Thing
2 Maccabees
A Greek history of the early Maccabean revolt, told for its martyrdoms — and an early Jewish witness to bodily resurrection and to prayer for the dead.
2 Maccabees is a Greek account of the Jewish struggle against the Seleucid king Antiochus IV Epiphanes, covering roughly the years 180 to 161 BCE — the desecration of the Jerusalem temple, the resistance led by Judas Maccabeus, and the rededication of the sanctuary that Hanukkah commemorates. Despite the name, it is not a continuation of 1 Maccabees but a separate work treating much of the same period independently, and in many places it disagrees with the other book on detail and emphasis.
The text presents itself as an abridgment. A preface explains that the whole is a condensation of a lost five-volume history by one Jason of Cyrene, reduced by an anonymous epitomist who is candid about his method and his aim: to move and to edify rather than to exhaust. Two letters to the Jews of Egypt urging observance of the temple feast stand at the front. What follows is history written to a religious key — providence steers events, the temple is the moral center, and disaster is read as discipline rather than abandonment.
The book is remembered above all for its martyrs. It tells of the aged scribe Eleazar, who chose death over eating pork or even feigning to; and of a mother and her seven sons, tortured and killed one by one for refusing the same, each declaring his trust as he died. These passages are among the earliest sustained literature of religious martyrdom, and they carry the text’s most consequential claim: that the dead will be raised. The brothers go to their deaths confident that the God who shaped them will give their bodies back — a clear and early expression of bodily resurrection in Jewish writing of the period, a hope by no means universally held then.
One passage carried particular later weight. After a battle, Judas is said to have collected money and sent it to Jerusalem for a sin offering on behalf of fallen soldiers, the narrator commenting that it is a holy thought to pray for the dead that they might be loosed from sin. Catholic theology came to cite this as scriptural warrant for prayer for the dead and, eventually, for purgatory — which is part of why the book’s canonical status divided later Christendom.

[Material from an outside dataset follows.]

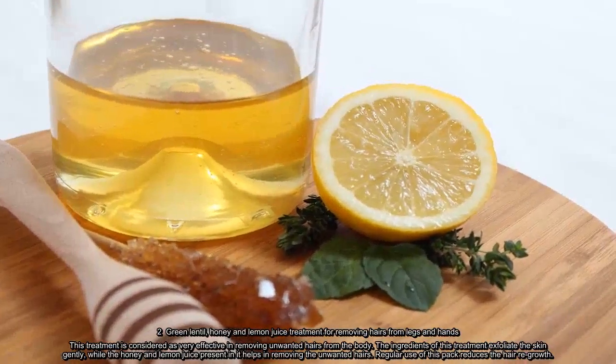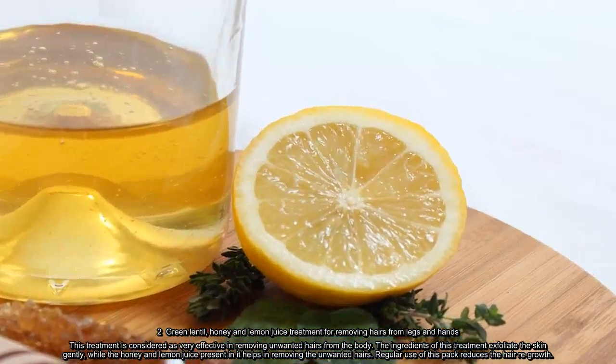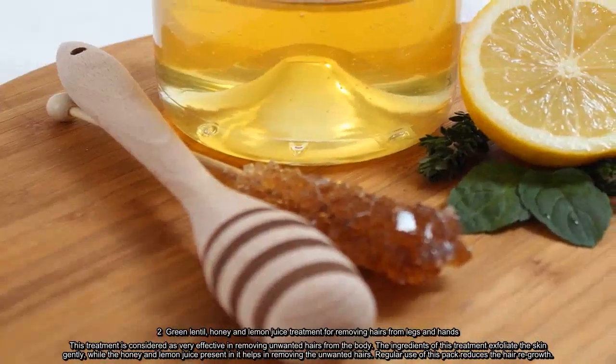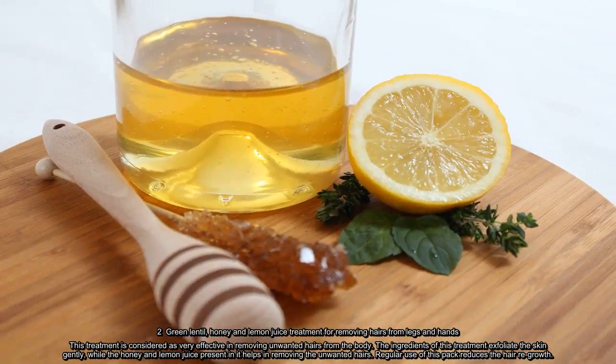Green lentil, honey, and lemon juice treatment for removing hairs from legs. This treatment is considered very effective in removing unwanted hairs from the body. The ingredients exfoliate the skin gently, while honey and lemon juice help in removing unwanted hairs. Regular use of this pack reduces hair regrowth.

Here the registers separate. Jews did not receive the book into the Hebrew canon, and it survives only in Greek. The Catholic and Orthodox churches hold it deuterocanonical — authoritative scripture; the Reformers placed it among the Apocrypha, valued but not doctrinally binding, and Protestant Bibles came to print it separately or not at all. Historians treat it as a real if shaped source for the revolt, its rhetorical heightening and its miracles read as the conventions of Hellenistic historiography rather than as reportage. What the several traditions agree on is narrower: that the book preserves, early and plainly, two convictions — that the faithful dead are not lost, and that the living may still pray for them.
→ In the library: Charles (ed.) — Apocrypha and Pseudepigrapha (1913)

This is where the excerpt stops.